(Short text fragments from websites)
──────

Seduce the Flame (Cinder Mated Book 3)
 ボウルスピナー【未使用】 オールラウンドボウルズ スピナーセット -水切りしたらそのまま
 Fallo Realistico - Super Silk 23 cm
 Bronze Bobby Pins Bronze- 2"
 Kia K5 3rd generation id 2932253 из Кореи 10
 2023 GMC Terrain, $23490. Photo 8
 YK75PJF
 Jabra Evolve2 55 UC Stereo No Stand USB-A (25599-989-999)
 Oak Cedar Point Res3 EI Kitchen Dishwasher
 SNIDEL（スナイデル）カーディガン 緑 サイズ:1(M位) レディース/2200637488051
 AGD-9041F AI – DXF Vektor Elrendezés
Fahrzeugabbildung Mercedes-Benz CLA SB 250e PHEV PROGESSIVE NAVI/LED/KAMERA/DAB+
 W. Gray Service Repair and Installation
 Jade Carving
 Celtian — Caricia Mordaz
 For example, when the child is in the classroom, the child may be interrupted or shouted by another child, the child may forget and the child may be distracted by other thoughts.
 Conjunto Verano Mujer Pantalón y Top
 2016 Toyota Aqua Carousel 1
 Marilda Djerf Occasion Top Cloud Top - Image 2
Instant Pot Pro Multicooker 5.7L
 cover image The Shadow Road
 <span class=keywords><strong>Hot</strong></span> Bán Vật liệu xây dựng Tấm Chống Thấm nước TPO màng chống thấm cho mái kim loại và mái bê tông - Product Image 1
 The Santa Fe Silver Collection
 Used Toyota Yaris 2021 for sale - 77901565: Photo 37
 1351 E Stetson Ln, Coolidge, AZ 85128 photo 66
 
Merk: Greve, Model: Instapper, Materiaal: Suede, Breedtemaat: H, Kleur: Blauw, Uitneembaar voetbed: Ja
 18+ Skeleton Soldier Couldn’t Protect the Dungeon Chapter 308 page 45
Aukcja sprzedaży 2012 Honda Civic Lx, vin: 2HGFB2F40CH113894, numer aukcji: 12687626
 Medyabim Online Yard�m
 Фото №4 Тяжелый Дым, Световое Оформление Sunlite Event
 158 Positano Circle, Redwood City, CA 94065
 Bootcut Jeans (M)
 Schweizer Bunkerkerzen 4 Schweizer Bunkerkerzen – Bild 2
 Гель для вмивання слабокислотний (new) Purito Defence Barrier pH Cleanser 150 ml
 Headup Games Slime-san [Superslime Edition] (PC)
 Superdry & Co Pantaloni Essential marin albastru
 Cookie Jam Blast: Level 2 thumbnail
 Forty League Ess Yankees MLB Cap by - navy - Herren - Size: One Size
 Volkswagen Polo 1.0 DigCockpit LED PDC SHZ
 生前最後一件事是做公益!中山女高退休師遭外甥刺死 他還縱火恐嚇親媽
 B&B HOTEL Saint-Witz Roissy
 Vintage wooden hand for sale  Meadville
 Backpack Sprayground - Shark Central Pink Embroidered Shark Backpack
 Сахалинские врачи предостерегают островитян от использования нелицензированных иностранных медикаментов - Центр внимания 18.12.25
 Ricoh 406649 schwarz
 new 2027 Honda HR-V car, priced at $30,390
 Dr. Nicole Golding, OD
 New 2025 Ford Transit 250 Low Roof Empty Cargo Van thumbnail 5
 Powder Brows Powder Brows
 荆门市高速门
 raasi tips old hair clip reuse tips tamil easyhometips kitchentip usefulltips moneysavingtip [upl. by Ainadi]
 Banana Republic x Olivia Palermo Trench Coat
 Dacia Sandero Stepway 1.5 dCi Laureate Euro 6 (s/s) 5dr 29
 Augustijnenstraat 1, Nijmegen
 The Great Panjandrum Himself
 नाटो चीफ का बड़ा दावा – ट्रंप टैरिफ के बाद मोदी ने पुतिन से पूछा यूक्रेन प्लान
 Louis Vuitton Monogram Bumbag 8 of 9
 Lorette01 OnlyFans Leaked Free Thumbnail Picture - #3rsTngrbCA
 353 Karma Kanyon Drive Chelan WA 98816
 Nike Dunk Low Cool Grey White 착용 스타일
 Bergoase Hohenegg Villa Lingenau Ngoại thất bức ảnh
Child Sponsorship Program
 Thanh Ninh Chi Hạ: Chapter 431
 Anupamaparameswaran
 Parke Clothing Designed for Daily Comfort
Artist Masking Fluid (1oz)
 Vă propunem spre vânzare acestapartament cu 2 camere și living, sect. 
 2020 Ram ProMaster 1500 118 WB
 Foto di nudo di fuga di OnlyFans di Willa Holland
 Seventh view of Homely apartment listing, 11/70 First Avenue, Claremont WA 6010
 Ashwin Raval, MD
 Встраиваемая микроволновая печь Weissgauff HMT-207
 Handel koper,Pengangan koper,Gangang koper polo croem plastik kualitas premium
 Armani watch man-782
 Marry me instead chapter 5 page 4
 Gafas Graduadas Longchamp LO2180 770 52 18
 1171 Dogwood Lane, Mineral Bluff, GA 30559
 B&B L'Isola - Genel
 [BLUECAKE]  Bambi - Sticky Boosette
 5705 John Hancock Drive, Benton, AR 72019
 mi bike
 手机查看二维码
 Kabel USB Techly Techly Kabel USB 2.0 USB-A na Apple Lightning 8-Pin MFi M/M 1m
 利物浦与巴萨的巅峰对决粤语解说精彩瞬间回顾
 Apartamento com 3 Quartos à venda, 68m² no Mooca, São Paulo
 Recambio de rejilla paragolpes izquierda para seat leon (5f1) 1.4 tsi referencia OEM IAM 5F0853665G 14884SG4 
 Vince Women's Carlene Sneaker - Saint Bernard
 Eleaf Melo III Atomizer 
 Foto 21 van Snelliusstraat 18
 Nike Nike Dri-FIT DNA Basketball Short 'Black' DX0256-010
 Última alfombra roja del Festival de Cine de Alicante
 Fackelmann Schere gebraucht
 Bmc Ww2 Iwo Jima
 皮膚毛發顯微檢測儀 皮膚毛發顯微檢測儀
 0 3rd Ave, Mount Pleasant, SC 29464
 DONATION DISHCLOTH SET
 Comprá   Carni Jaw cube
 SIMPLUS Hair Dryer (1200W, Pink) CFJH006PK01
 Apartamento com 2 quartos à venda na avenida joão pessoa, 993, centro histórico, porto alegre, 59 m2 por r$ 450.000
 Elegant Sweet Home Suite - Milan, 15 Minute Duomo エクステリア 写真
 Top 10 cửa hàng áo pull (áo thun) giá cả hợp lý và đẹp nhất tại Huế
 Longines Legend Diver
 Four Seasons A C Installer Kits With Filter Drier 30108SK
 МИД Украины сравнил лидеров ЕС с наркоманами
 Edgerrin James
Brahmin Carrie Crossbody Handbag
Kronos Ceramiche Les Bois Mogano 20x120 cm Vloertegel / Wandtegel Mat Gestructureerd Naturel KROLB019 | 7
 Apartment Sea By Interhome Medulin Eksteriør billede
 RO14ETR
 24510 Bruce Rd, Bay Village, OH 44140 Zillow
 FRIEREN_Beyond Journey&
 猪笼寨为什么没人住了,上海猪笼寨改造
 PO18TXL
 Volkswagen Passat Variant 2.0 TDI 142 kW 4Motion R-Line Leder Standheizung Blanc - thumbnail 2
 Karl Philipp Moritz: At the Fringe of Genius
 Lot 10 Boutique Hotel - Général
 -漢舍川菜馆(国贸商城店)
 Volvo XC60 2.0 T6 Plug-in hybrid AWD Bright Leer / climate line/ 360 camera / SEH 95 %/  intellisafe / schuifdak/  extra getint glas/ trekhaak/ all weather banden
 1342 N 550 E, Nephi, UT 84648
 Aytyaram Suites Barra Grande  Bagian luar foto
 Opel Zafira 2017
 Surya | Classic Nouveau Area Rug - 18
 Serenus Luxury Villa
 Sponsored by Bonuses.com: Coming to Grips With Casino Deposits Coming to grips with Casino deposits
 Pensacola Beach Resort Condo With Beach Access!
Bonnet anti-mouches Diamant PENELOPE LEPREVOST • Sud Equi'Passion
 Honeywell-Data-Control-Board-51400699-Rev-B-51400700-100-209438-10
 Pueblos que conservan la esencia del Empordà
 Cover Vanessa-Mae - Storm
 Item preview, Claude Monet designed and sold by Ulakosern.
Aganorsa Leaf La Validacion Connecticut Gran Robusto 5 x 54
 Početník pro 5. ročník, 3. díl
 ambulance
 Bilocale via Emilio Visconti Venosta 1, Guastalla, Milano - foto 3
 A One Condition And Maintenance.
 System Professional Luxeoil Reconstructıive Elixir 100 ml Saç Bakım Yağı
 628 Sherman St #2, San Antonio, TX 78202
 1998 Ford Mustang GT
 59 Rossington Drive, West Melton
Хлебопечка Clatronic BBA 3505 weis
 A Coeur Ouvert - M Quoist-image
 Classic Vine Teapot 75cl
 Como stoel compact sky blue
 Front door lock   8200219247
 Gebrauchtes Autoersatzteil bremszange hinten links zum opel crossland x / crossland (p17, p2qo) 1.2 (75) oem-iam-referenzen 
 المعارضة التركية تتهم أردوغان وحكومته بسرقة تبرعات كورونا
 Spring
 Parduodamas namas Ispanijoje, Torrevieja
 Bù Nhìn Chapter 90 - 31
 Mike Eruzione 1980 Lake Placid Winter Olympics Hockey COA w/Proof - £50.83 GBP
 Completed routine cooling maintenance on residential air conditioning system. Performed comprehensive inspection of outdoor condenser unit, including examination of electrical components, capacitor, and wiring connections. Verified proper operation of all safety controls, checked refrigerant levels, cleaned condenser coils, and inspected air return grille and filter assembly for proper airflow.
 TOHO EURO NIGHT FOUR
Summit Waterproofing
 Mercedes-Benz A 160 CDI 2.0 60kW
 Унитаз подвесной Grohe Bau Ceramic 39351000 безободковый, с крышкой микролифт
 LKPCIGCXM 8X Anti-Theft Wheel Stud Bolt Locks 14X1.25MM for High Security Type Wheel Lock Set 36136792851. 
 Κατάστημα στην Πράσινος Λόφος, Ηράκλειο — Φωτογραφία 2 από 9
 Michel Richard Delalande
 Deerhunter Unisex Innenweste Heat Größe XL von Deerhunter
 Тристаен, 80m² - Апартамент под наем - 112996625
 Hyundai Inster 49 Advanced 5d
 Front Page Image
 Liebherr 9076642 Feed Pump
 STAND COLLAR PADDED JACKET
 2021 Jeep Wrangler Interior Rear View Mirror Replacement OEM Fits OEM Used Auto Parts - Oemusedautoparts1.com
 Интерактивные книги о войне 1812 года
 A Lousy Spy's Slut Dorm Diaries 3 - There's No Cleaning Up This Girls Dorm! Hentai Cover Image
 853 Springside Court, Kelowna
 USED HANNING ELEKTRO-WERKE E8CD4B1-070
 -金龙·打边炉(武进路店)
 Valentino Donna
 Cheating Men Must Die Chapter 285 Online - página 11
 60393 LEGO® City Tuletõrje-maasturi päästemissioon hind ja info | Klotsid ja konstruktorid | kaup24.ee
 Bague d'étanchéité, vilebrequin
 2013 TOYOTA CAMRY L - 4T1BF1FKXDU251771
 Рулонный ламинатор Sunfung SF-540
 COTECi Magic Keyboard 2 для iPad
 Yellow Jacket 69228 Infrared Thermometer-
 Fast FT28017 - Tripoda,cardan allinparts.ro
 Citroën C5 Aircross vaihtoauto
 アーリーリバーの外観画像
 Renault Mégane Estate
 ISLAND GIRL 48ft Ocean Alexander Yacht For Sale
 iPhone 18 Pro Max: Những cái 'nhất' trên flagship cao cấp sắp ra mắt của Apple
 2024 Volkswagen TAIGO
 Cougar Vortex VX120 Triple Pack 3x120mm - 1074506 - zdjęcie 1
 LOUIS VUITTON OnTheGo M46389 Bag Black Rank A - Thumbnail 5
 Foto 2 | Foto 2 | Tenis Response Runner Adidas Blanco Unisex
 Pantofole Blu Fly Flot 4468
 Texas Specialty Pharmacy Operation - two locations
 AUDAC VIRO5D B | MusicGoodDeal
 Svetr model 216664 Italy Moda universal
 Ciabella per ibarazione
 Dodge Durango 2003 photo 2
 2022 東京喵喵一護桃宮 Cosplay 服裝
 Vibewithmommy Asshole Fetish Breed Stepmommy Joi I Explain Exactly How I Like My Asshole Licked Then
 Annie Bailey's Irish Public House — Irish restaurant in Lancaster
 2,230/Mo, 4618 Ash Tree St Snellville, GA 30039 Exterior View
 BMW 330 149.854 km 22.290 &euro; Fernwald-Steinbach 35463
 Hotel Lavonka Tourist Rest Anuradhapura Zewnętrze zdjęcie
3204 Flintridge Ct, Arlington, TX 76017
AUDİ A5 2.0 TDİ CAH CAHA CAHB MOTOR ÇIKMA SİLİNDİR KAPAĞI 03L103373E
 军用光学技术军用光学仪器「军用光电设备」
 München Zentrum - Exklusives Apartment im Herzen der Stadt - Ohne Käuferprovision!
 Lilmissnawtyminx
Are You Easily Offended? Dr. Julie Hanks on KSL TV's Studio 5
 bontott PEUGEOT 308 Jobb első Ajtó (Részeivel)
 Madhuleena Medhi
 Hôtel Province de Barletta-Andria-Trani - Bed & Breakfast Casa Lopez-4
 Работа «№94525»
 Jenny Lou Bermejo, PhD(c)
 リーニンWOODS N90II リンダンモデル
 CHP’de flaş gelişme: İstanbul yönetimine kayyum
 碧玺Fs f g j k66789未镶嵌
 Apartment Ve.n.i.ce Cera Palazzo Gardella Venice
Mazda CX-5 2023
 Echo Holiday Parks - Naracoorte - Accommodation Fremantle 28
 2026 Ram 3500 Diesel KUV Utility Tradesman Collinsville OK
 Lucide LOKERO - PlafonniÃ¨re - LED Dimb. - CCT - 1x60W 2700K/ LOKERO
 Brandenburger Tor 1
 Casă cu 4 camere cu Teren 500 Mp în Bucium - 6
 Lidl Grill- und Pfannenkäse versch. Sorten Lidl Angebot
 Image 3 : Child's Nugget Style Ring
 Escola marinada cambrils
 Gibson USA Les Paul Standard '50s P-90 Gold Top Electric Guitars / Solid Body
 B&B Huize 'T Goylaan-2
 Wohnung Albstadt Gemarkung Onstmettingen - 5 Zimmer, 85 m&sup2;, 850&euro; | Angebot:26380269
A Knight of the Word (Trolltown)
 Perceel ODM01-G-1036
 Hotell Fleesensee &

──────

### THE TASK
The lines from the one holding "Gibson USA Les" to the last line of the entries, both included: retype them exactly and give nothing else.

### RESPONSE BOX
 Gibson USA Les Paul Standard '50s P-90 Gold Top Electric Guitars / Solid Body
 B&B Huize 'T Goylaan-2
 Wohnung Albstadt Gemarkung Onstmettingen - 5 Zimmer, 85 m&sup2;, 850&euro; | Angebot:26380269
A Knight of the Word (Trolltown)
 Perceel ODM01-G-1036
 Hotell Fleesensee &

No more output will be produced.